Los precios de las garrafas de 10, 12 y 15 kilogramos ahora tendrán valores de referencia que serán publicados en el sitio web del Ministerio de Economía, aunque sin carácter obligatorio. Eso sí, los precios no podrán superar el precio de paridad de exportación (PPE), que está atado a los valores internacionales.
Con esta resolución, publicada en el Boletín Oficial y firmada por la secretaria de Energía, María Tettamanti, se busca desregular el sector, fomentando la competencia entre los actores del mercado y eliminando las barreras que, según el Gobierno, impedían un acceso más equitativo al combustible en todas las regiones del país.
La decisión no pasó desapercibida en la industria, donde ya se anticipan aumentos para los consumidores. En diciembre, el precio de referencia para las garrafas de 10 kilogramos pasó de $8.500 a $11.500, y ahora se estima que podría llegar a entre $14.000 y $16.000 en el corto plazo. Esto implicaría un salto acumulado de al menos 60% en tan solo dos meses, aunque algunos especialistas proyectan incrementos más moderados, de alrededor del 10%.

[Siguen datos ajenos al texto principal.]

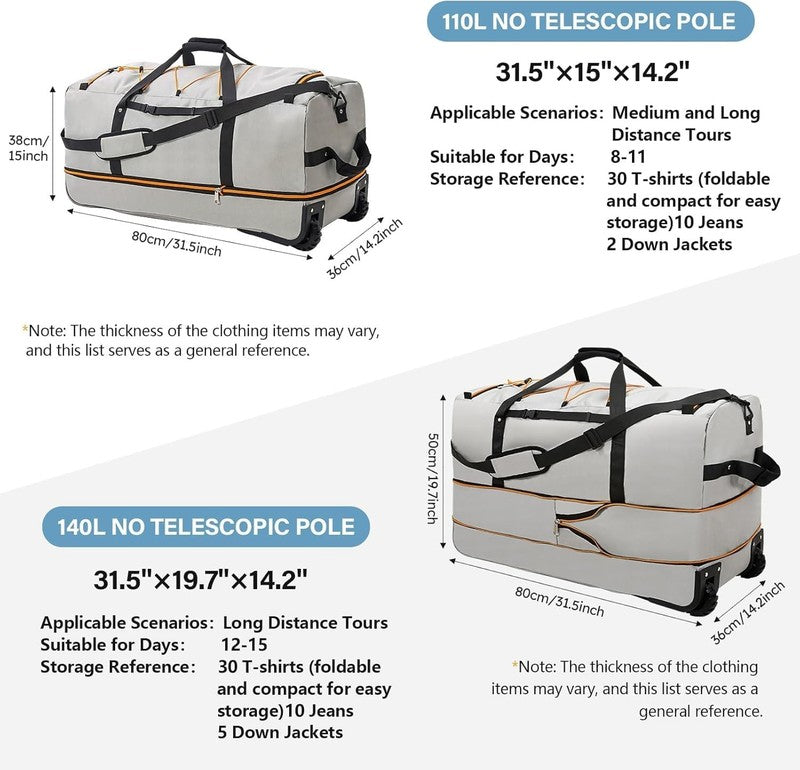Rolling Duffle Bag with Wheels,110L/140L Expandable Soft Sided Foldable Duffle B2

A pesar de la desregulación, el Programa Hogar, que subsidia a los sectores vulnerables sin acceso a la red de gas natural, seguirá vigente. Este programa busca mitigar el impacto de los aumentos para las familias más afectadas, aunque los precios elevados del GLP representan un desafío importante para quienes dependen de este combustible para cocinar o calefaccionar sus hogares.
Desde el Gobierno destacaron que esta medida busca establecer “reglas claras” en el mercado del GLP, con precios definidos por la oferta y la demanda. El objetivo, según señalaron en un comunicado oficial, es incentivar mejoras en la competencia y eliminar restricciones que afectaban la distribución del combustible en todo el país.
No obstante, los consumidores enfrentan un panorama incierto, ya que el impacto de esta desregulación podría variar considerablemente según la región y las dinámicas del mercado. Mientras tanto, el precio de las garrafas se convierte en una nueva variable a monitorear en el contexto de una economía marcada por la inflación.